Le cabinet d’expertise KPI a établi un devis et les travaux de réparation ont été confiés à M. [W] [H] exerçant sous l’enseigne « Carrosserie de Balarin » sur la commune de Raphèle les Arles (13280).
Faisant valoir des malfaçons dans les réparations réalisées, M. [U] [Y] s’est rapproché de son assureur, la société MATMUT, qui a missionné de nouveau un expert. Suite à cette expertise, M. [W] [H] a effectué des travaux de reprise.
Le 8juillet 2022, M. [U] [Y] a contacté son assureur invoquant le constat de nouvelles malfaçons affectant le siège arrière droit du véhicule.

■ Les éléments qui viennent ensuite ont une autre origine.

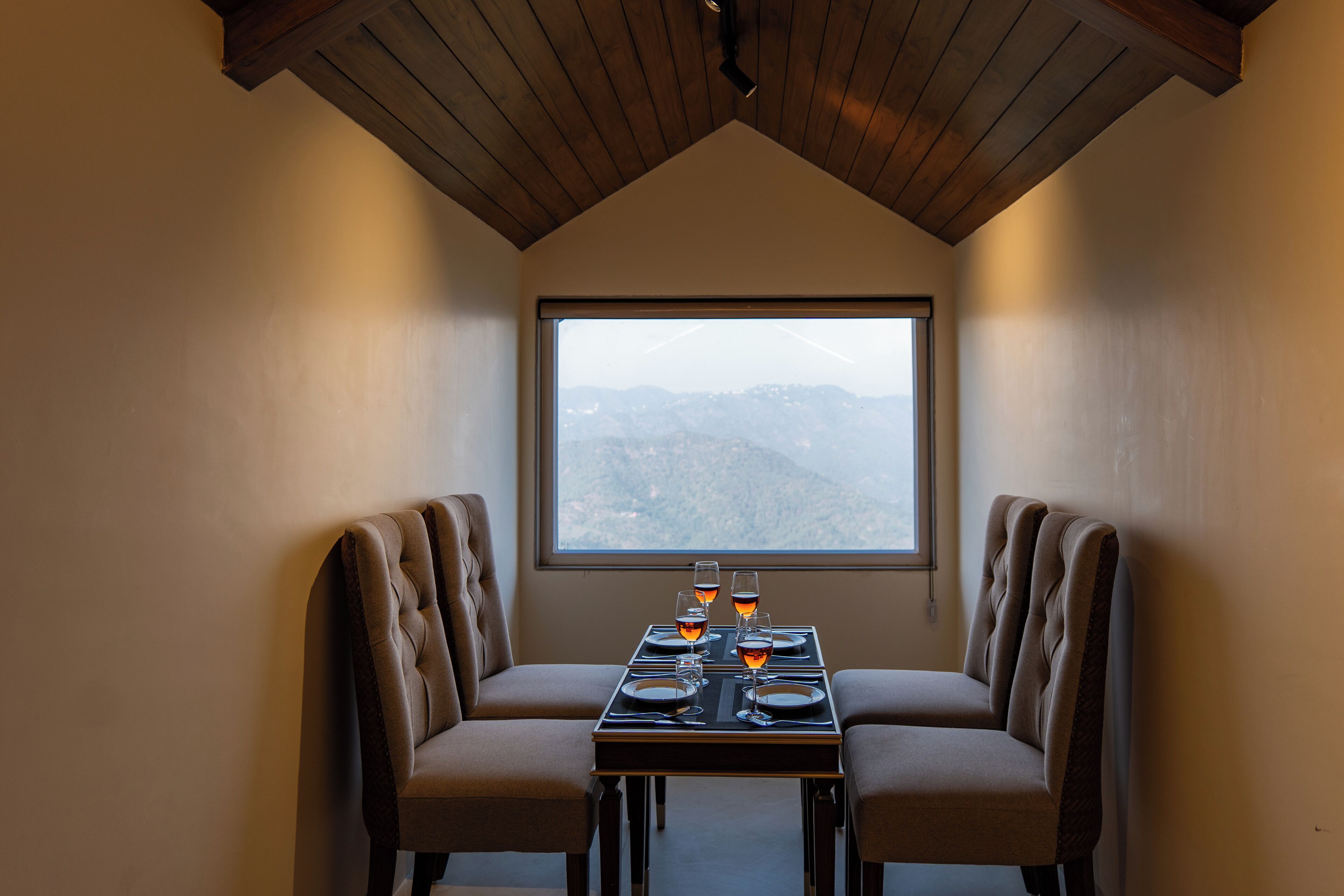 A dining area with two cushioned chairs, a table set for two, and a large window offering a mountain view.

Une nouvelle expertise amiable fut diligentée et le rapport établi le 17 janvier 2023 évalua à 3 385, 14 euros les frais de réparation selon devis TREBON AUTO.
La société MATMUT a adressé un courrier daté du 23 janvier 2023 à M. [W] [H] resté sans réponse.
Un constat d’échec de la tentative de conciliation a été dressé le 14 décembre 2023.
Dans ces conditions, par acte de commissaire de justice du 5 juin 2024, M. [U] [Y] et la société Mutuelle Asssurance des Travailleurs Mutualistes (MATMUT) ont fait assigner M. [W] [H] exerçant sous l’enseigne « Carosserie de Balarin » devant le tribunal judiciaire de Tarascon aux fins de le voir :
— Condamner à payer à M. [U] [Y] 3 385, 14 euros outre intérêts au taux légal à compter de l’assignation au titre des travaux de reprise et malfaçons, ainsi que 4 000 euros à titre de dommages et intérêts sur le fondement de l’article 1240 du code civil ;
— Condamner à payer à Mutuelle Assurance des Travailleurs Mutualistes 555, 62 euros au titre des frais d’expertise et 2 000 € sur le fondement des dispositions de l’article 700 du code de procédure civile,
— Condamner M. [W] [H] aux entiers dépens,
— Rappeler que la décision bénéficie de plein droit de l’exécution provisoire.
Par jugement du 31 juillet 2024, le tribunal judiciaire de Tarascon a ordonné une expertise judiciaire aux fins de déterminer la nature, l’étendue et l’imputabilité des désordres affectant le véhicule et désigné pour y procéder M. [S] [B], expert judiciaire.
Le rapport d’expertise judiciaire réalisé par M. [K] [M] en remplacement de M. [B] a été déposé le 25 novembre 2024.
Les parties ont été convoquées à une nouvelle audience le 6 mars 2025.
A l’audience, M. [U] [Y] et la MATMUT sont représentés par un avocat et M. [W] [H] comparait en personne.
Les demanderesses sollicitent en lecture du rapport d’expertise et au visa de l’article 1231 du code civil de voir :
— condamner M. [W] [H] à payer à M. [U] [Y] la somme de 3170, 55 euros avec intérêts au taux légal à compter de la notification des présentes écritures ainsi que 3 800 euros au titre du préjudice d’usage sur une période du mois de septembre 2021 au mois de décembre 2024 outre une somme de 100 € par mois à partir du mois de janvier 2025 jusqu’à la date d’exécution de la condamnation,
— condamner M. [W] [H] à payer à la Mutuelle Assurance des Travailleurs Mutualistes la somme de 555, 62 euros au titre des frais d’expertise ainsi que 2 000 euros sur le fondement de l’article 700 du code de procédure civile,
— Condamner M. [W] [H] aux entiers dépens incluant les frais d’expertise judiciaire.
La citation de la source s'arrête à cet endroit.